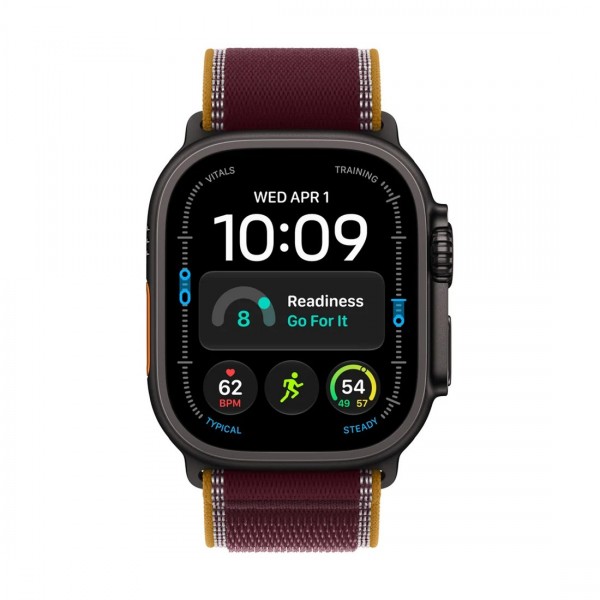 Смарт часовник Apple Watch Ultra 4 GPS + Cellular, 49 мм, Trail Loop S/M, MJC34QH/A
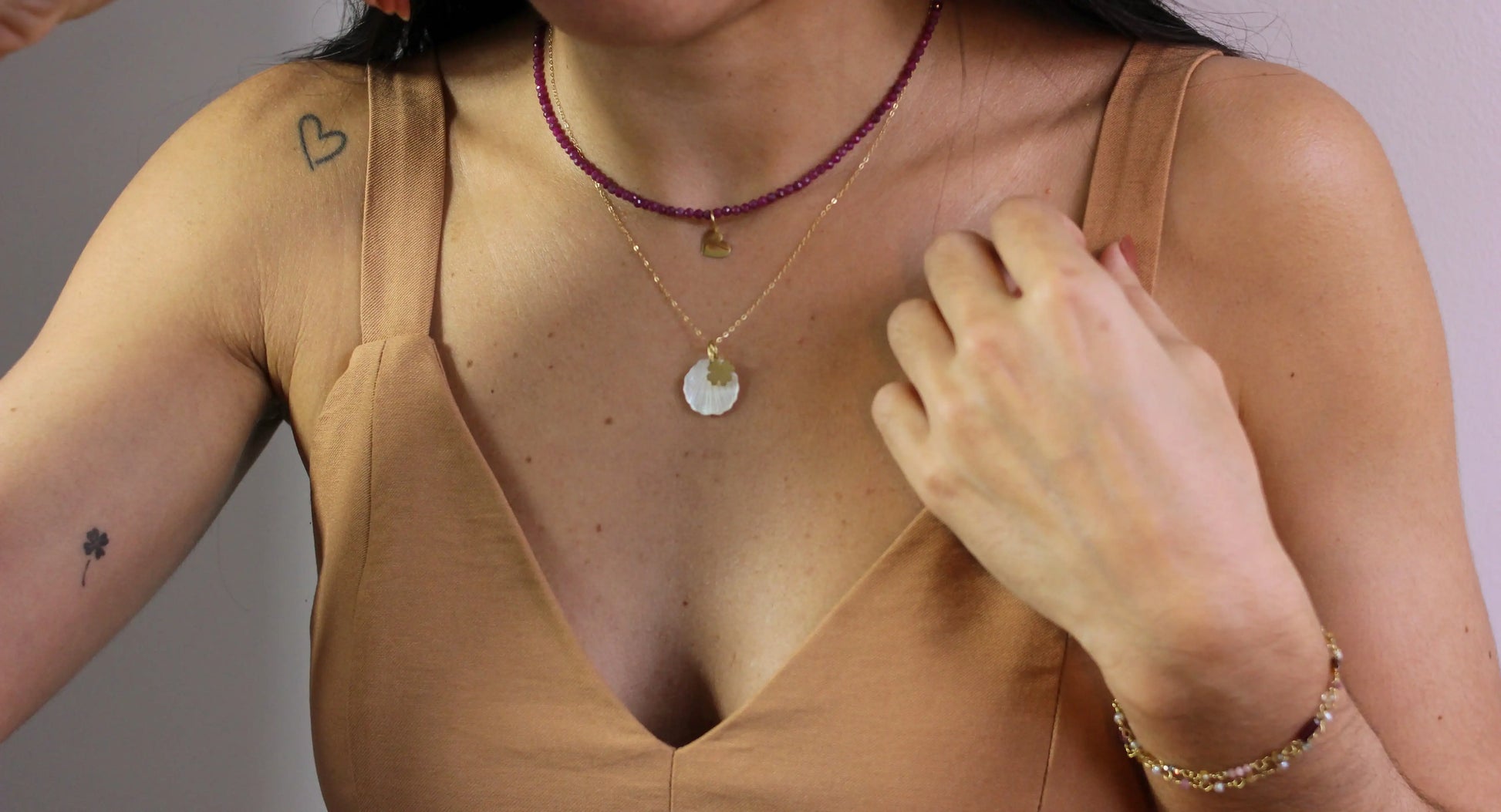 Pingente Shell | ouro 18k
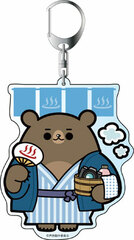 Seiyuu datte Tabi shimasu - Deka Keychain: Stewart Onsen ver.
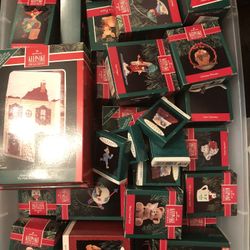 Hallmark Ornaments 3 For $10
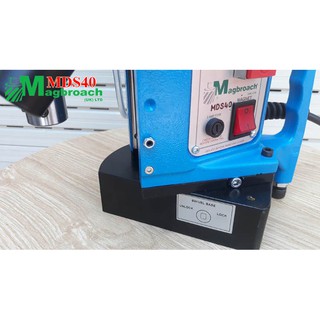 Máy khoan từ đế xoay Magbroach MDS40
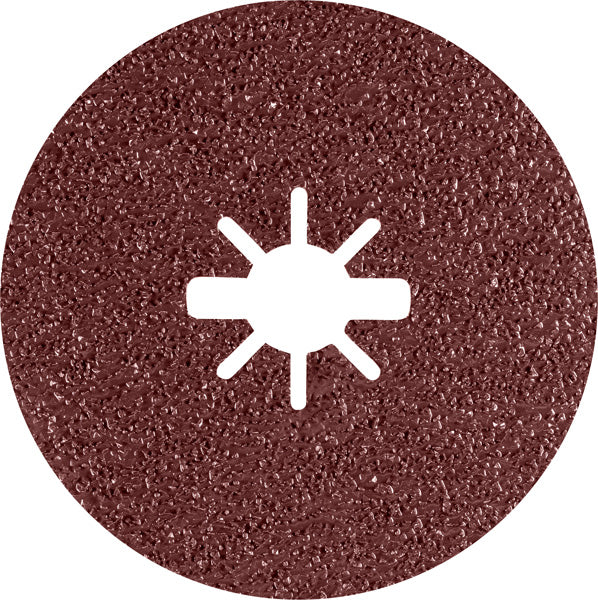 EXPERT R781 Prisma Ceramic X-LOCK Fiberscheibe, 125 mm, 22,23 mm, K 36, 25 Stk.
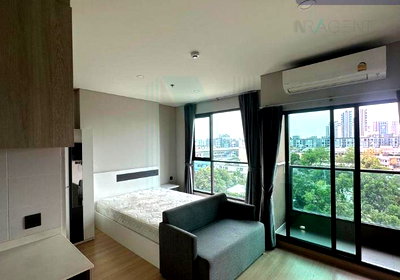 Condos for rent Ngam Wong Wan Road : For Rent Condo LUMPINI PARK PHAHON 32 Building 1, Floor 12,Studio, Room size 25 sqm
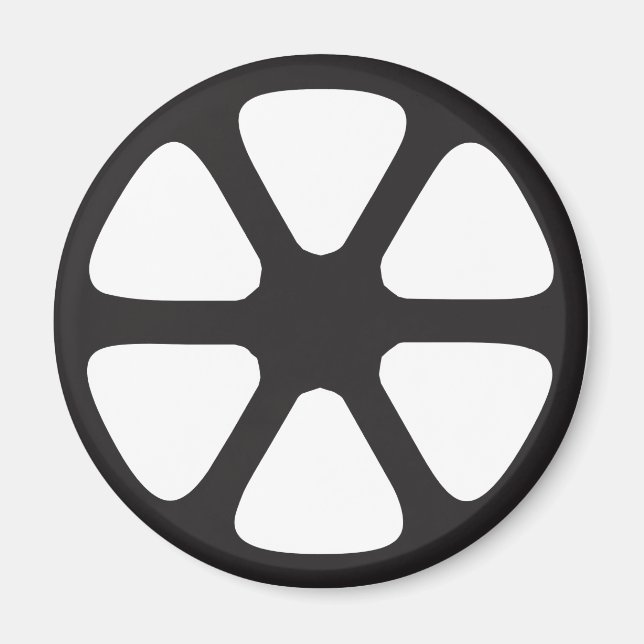 Film Reel Magnet (Framsidan)
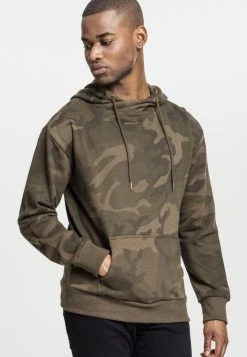 URBAN CLASSICS Sweat À Capuche - Olive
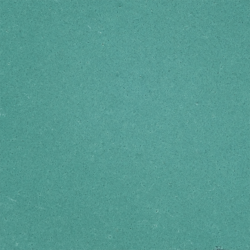 Pine Green solid colour encaustic tile, a vibrant, rich green mixed with a touch of blue - the colour of deep tropical water. Single tile view - Rever Tiles.
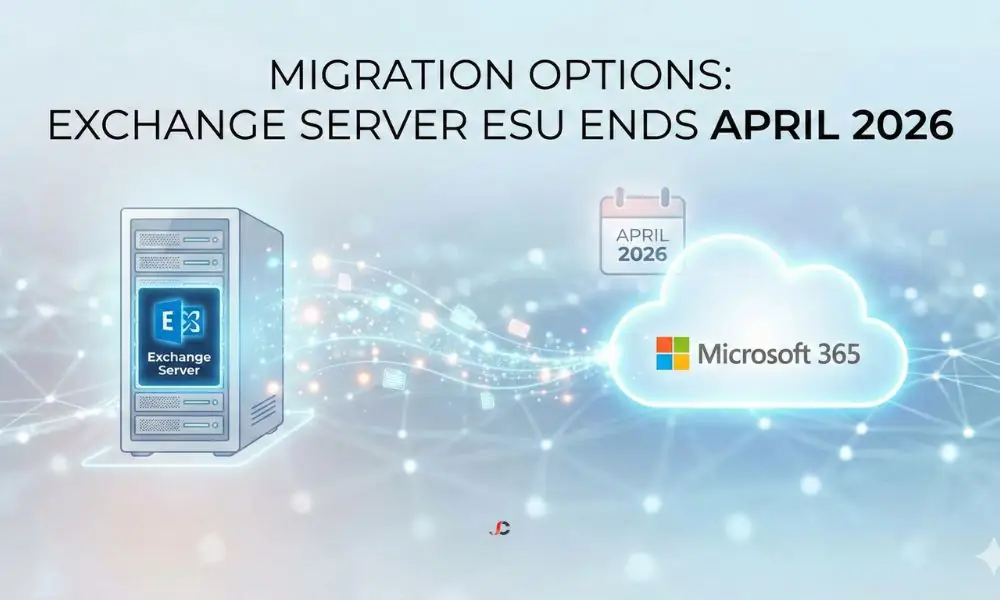 Exchange Server ESU ends 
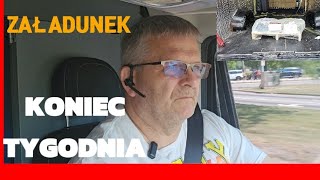 Krótki film na zaladunku kierowca busa truckdriver [upl. by Hagai509]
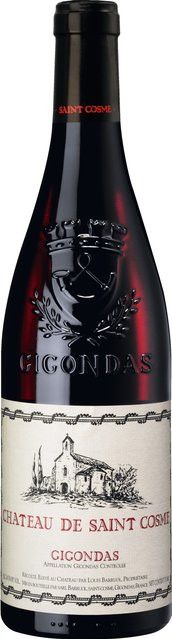 Château de Saint Cosme Gigondas Rotwein, Cinsault & Grenache, 2023, Frankreich, trocken, 0,75 l - Bild 1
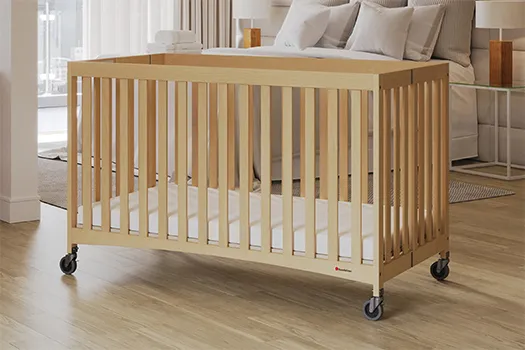 Wooden Crib - full size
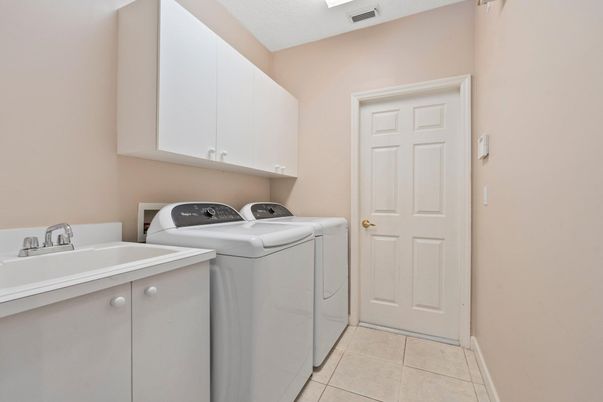 Interior, Washer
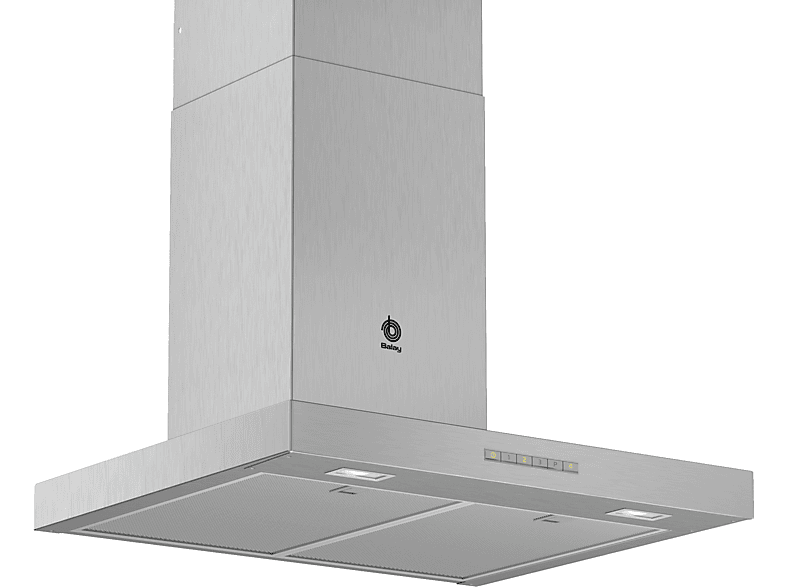 Balay 3BC067EX 450 m³/h Control electrónico iluminación LED 60 cm Inox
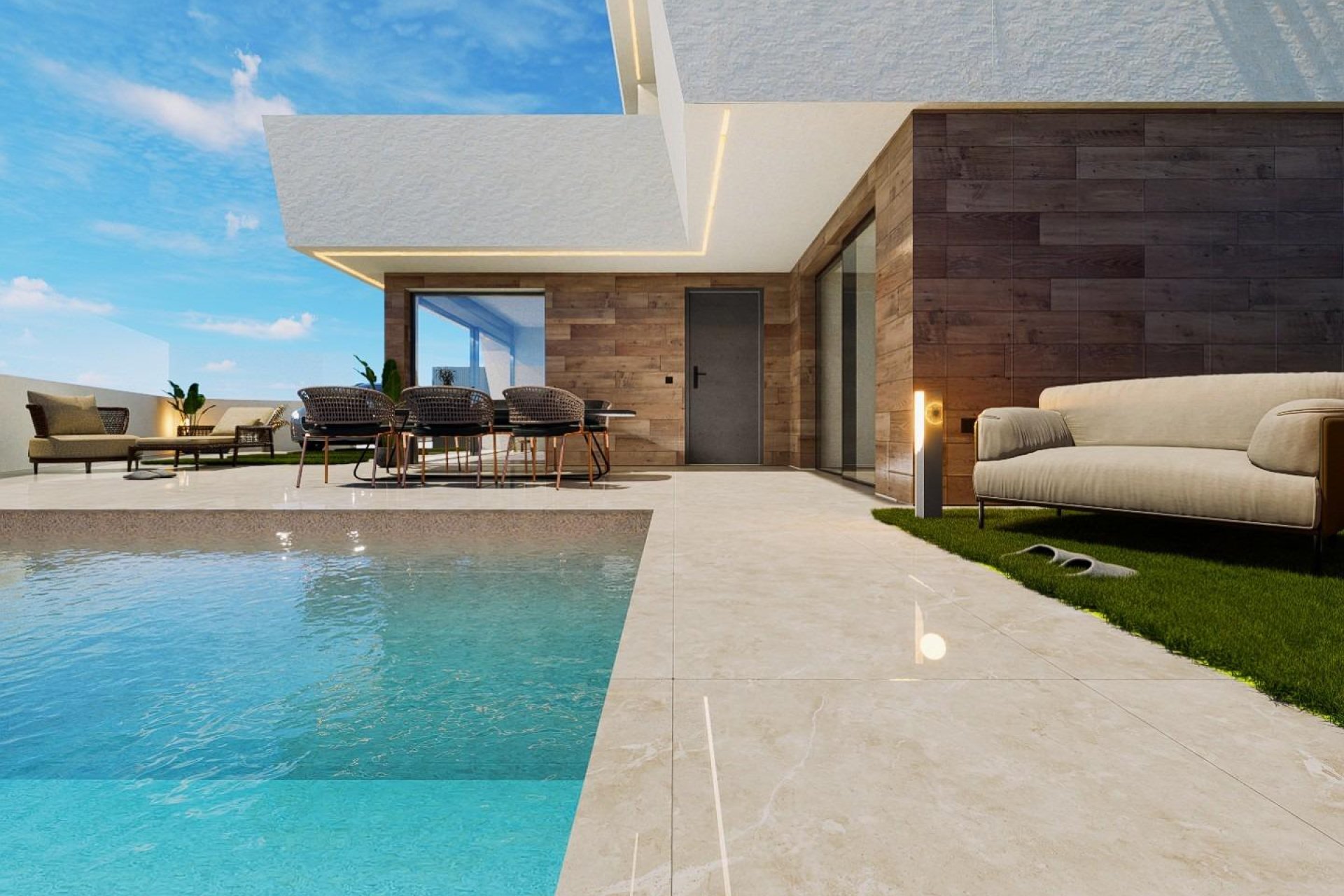 New Build - Villa -
San Pedro del Pinatar - Centro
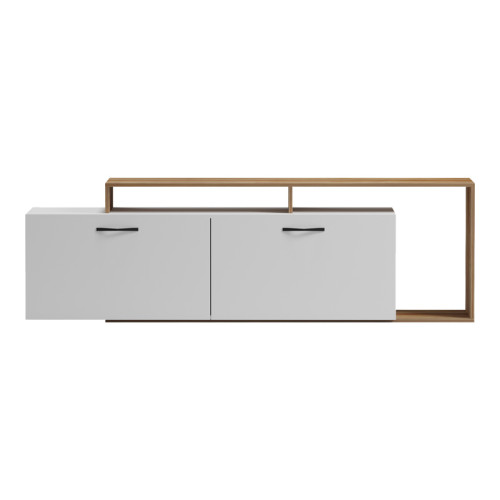 Tobler pakoworld TV cabinet in white-oak color 170x40x53cm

**********

WHAT IS NEEDED: Please restate each entry exactly, but drop any picture it holds.

COMPLETED TASK:
 Смарт часовник Apple Watch Ultra 4 GPS + Cellular, 49 мм, Trail Loop S/M, MJC34QH/A
 Pingente Shell | ouro 18k
 Seiyuu datte Tabi shimasu - Deka Keychain: Stewart Onsen ver.
 Hallmark Ornaments 3 For $10
 Máy khoan từ đế xoay Magbroach MDS40
 EXPERT R781 Prisma Ceramic X-LOCK Fiberscheibe, 125 mm, 22,23 mm, K 36, 25 Stk.
 Condos for rent Ngam Wong Wan Road : For Rent Condo LUMPINI PARK PHAHON 32 Building 1, Floor 12,Studio, Room size 25 sqm
 Film Reel Magnet (Framsidan)
 URBAN CLASSICS Sweat À Capuche - Olive
 Pine Green solid colour encaustic tile, a vibrant, rich green mixed with a touch of blue - the colour of deep tropical water. Single tile view - Rever Tiles.
 Exchange Server ESU ends 
 Krótki film na zaladunku kierowca busa truckdriver [upl. by Hagai509]
 Château de Saint Cosme Gigondas Rotwein, Cinsault & Grenache, 2023, Frankreich, trocken, 0,75 l - Bild 1
 Wooden Crib - full size
 Interior, Washer
 Balay 3BC067EX 450 m³/h Control electrónico iluminación LED 60 cm Inox
 New Build - Villa -
San Pedro del Pinatar - Centro
 Tobler pakoworld TV cabinet in white-oak color 170x40x53cm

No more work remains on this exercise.